Estremi della sentenza: TAR Campania, sez. IV Napoli, sent. 2 gennaio 2018 n. 19
Massima: L’annullamento d’ufficio di un titolo abilitativo edilizio, dovuto a fatto dell’interessato, non necessita di un’espressa e specifica motivazione sul pubblico interesse, consistendo questo nell’interesse della collettività al rispetto della disciplina urbanistica

 

L’annullamento d’ufficio di un titolo abilitativo edilizio, dovuto a fatto dell’interessato (come nel caso in cui sia palese l’erronea allegazione dell’effettiva natura dell’immobile oggetto dei lavori), non necessita di un’espressa e specifica motivazione sul pubblico interesse, consistendo questo nell’interesse della collettività al rispetto della disciplina urbanistica (da ultimo, Consiglio di Stato, sez. V, 8 novembre 2012 n. 5691; Consiglio di Stato, sez.
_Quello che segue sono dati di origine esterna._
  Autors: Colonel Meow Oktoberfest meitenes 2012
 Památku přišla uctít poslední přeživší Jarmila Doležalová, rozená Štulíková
IV, 30 luglio 2012 n. 4300) e in considerazione della circostanza che le affermazioni miranti a considerare il rilievo del decorso del tempo sono tutte imperniate sulla tutela dell’affidamento del privato (si veda, ad esempio, Consiglio di Stato, sez. I, 25 maggio 2012 n. 3060), ossia su una situazione qui non sussistente, stante l’erronea rappresentazione dei fatti proposta al Comune, dovuta proprio a fatto del privato.

Cambio destinazione d’uso da agricola a commerciale: aumento del carico urbanistico

Estremi della sentenza: TAR Lombardia, sez. I Brescia, sent. 27 dicembre 2017 n. 1483
Massima: Il passaggio dalla destinazione agricola a quella commerciale avviene tra categorie tra loro non omogenee, con conseguente aumento del carico urbanistico

 

Ai sensi dell’art. 23-ter del DPR 380/2001, il cambio di destinazione d’uso urbanisticamente rilevante riguarda ogni forma di utilizzo dell’immobile o della singola unità immobiliare diversa da quella originaria, con o senza opere, che comporti il passaggio ad una diversa categoria funzionale, tra le cinque seguenti: 1) residenziale, 2) turistico-ricettiva; 3) produttiva e direzionale; 4) commerciale; 5) rurale. In tal modo, è assicurata la salvaguardia della zonizzazione mediante il controllo sull’adeguatezza degli standard in relazione all’incidenza dei diversi usi.

Per pacifica giurisprudenza il mutamento di destinazione d’uso, anche se solo funzionale, comporta un aggravio di carico urbanistico quando implica un passaggio tra categorie differenti e deve quindi essere annoverato tra gli interventi di tipo oneroso (T.A.R. Toscana, sez. III – 21/7/2017 n. 938). Il cambio di destinazione d’uso urbanisticamente rilevante è infatti quello che comporta il trasferimento da una all’altra delle cinque categorie funzionalmente autonome indicate dalla legge, indipendentemente dalla realizzazione o meno di opere: in particolare, il passaggio dalla destinazione agricola a quella commerciale avviene tra categorie tra loro non omogenee, con conseguente aumento del carico urbanistico (T.A.R. Campania Napoli, sez. III – 5/9/2017 n. 4249; sez. VII – 6/11/2017 n. 5152).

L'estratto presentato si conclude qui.